1. Ease of data input (registration) into a storage medium.
2. Data validation during input phase.
3. Flexible data storage and retrieval procedures.
4. Availability of data for multiple analysis and use.
5. Exchange of information with other genebanks.
6. Basing the system and its terminology on genetic and biological principles.
In addition to this, the system should be simple and user friendly thereby permitting the non-computer scientists to work with it. The system should also be economical and adoptable to the organisational environment.

Data Base Management Systems (DBMS) and models

One major factor affecting genetic resources information handling and exchange is the voluminous data associated with the germplasm collections. For instance, the National Plant Germplasm System (NPGS) in USA maintains over 400,000 accessions of germplasm in the form of seed and vegetatively propagated seeds. These accessions are primarily landraces and unimproved material from foreign sources. New accessions are added to the NPGS at the rate of 7,000 to 15,000 per year. IRRI, in Philippines, holds over 86,000 samples of rice. The data is alone recorded on over 75 traits generating around 6.4 million pieces of information to manage. The immense size of germplasm holdings becomes a challenge for the information management. Modern computers, with their ability to store vast amount of information and to retrieve the same with greater speed and accuracy have simplified the whole concept of database management. The DBMS is a software package that handles the difficult task associated with creating, accessing and maintaining database records. The programmes in a DBMS package establish an interface between the database itself and the users of database.

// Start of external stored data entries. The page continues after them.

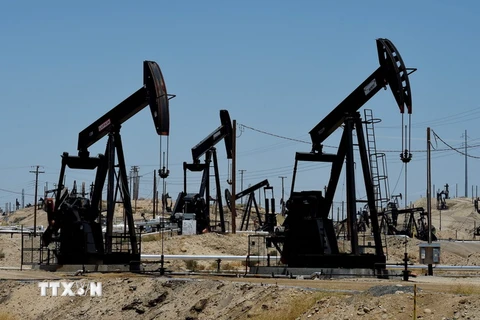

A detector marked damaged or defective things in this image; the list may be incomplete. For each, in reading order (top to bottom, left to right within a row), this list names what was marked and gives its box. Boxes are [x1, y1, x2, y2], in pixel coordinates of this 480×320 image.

rusty metal structure [40, 60, 172, 270]
rusty metal structure [172, 111, 233, 234]
rusty metal structure [264, 38, 418, 272] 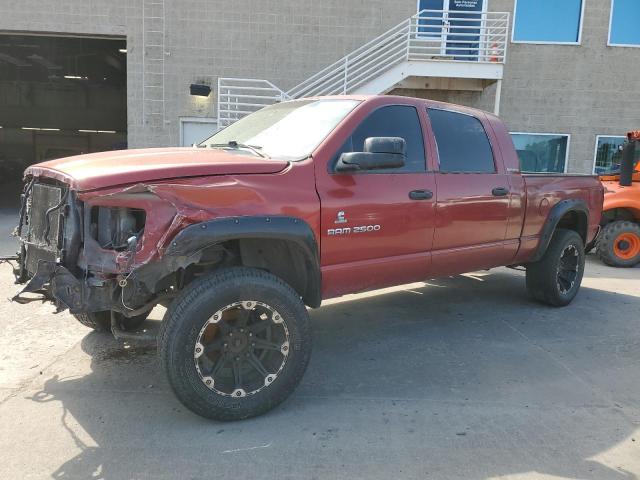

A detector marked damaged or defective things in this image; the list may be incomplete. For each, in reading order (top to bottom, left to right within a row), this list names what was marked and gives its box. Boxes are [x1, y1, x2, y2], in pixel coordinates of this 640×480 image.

crumpled hood [25, 147, 290, 190]
damaged front end [10, 178, 180, 316] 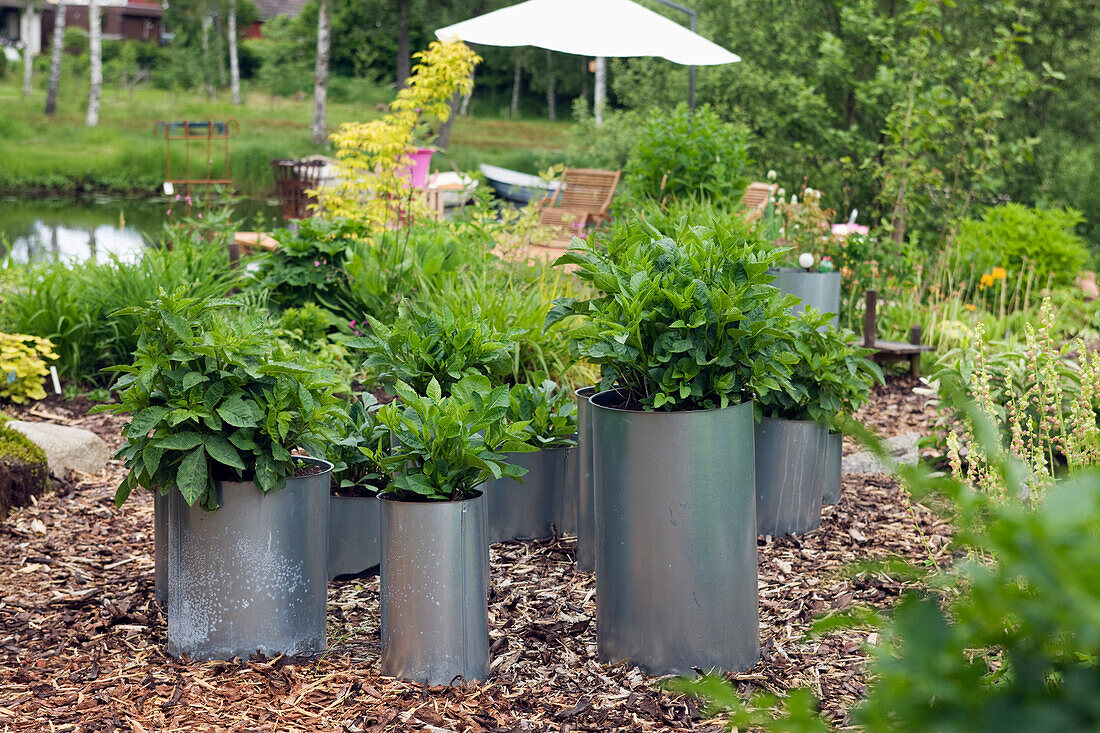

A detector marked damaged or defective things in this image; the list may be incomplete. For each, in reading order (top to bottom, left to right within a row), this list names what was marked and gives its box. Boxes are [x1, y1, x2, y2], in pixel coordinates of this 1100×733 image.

rusty metal trellis [155, 118, 238, 215] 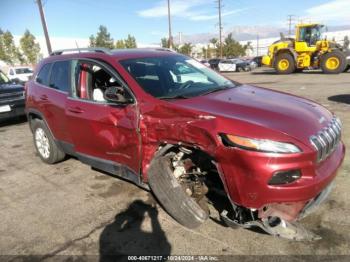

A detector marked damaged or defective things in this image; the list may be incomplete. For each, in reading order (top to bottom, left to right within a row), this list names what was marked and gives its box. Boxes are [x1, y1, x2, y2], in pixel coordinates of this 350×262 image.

damaged red suv [26, 48, 346, 241] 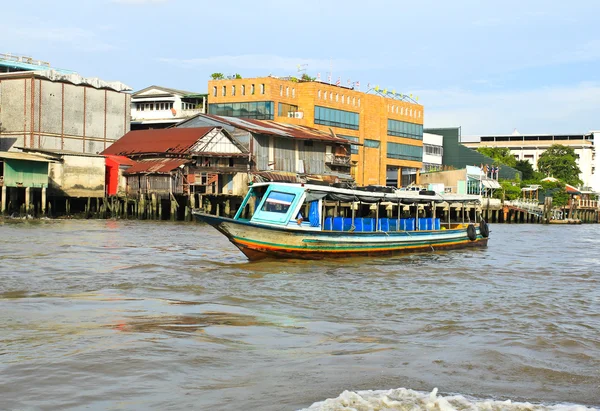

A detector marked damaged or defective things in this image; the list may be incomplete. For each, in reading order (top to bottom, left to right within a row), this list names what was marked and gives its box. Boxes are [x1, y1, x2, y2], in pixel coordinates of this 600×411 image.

rusty roof [102, 128, 214, 157]
rusty roof [203, 115, 346, 144]
rusty roof [122, 159, 188, 175] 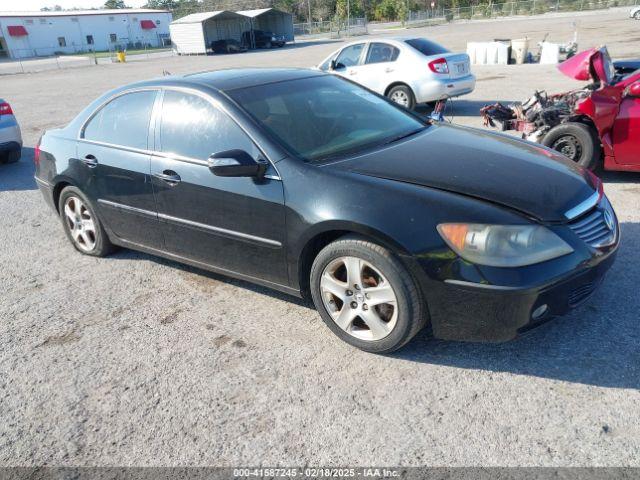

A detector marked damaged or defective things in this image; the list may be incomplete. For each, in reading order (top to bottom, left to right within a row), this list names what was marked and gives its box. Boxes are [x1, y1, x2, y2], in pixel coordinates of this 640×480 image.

red damaged car [482, 46, 636, 171] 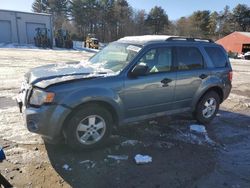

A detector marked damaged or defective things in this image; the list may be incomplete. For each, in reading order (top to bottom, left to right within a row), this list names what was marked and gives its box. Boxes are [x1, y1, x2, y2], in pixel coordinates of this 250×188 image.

cracked headlight [29, 88, 55, 106] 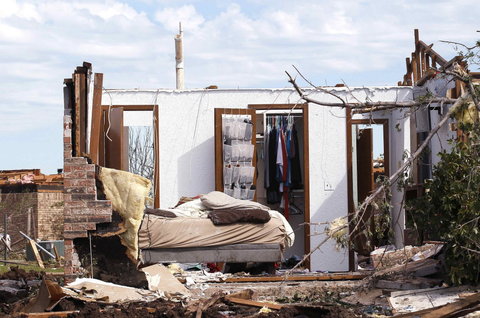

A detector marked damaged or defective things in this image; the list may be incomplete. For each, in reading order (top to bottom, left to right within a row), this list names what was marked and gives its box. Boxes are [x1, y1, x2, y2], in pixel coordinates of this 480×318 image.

Two basic types of database management systems can be identified, namely, hierarchical and relational. A hierarchical system tends to be extremely complex because of superior-subordinate type of relationship between data elements in a hierarchical (tree) structure. In comparison to hierarchical structuring technique, the relational technique is much simpler. Data are represented in the form of two dimensional tables and the relationships can be established between these tables. Information contained in any two or more separate files (for example, one for the passport data and the other for the evaluation data) can be related or linked if there are common fields or descriptors in these tables or files. For instance, a unique identifier for each and every accession in germplasm collection e.g. the accession number, is such a common field. As a genebank preserves and provides genetic material for a multitude of purposes, the relational DBMS will be more appropriate in a genetic resources environment as it easily permits the establishment of linkages between different files and change of relationships at any moment.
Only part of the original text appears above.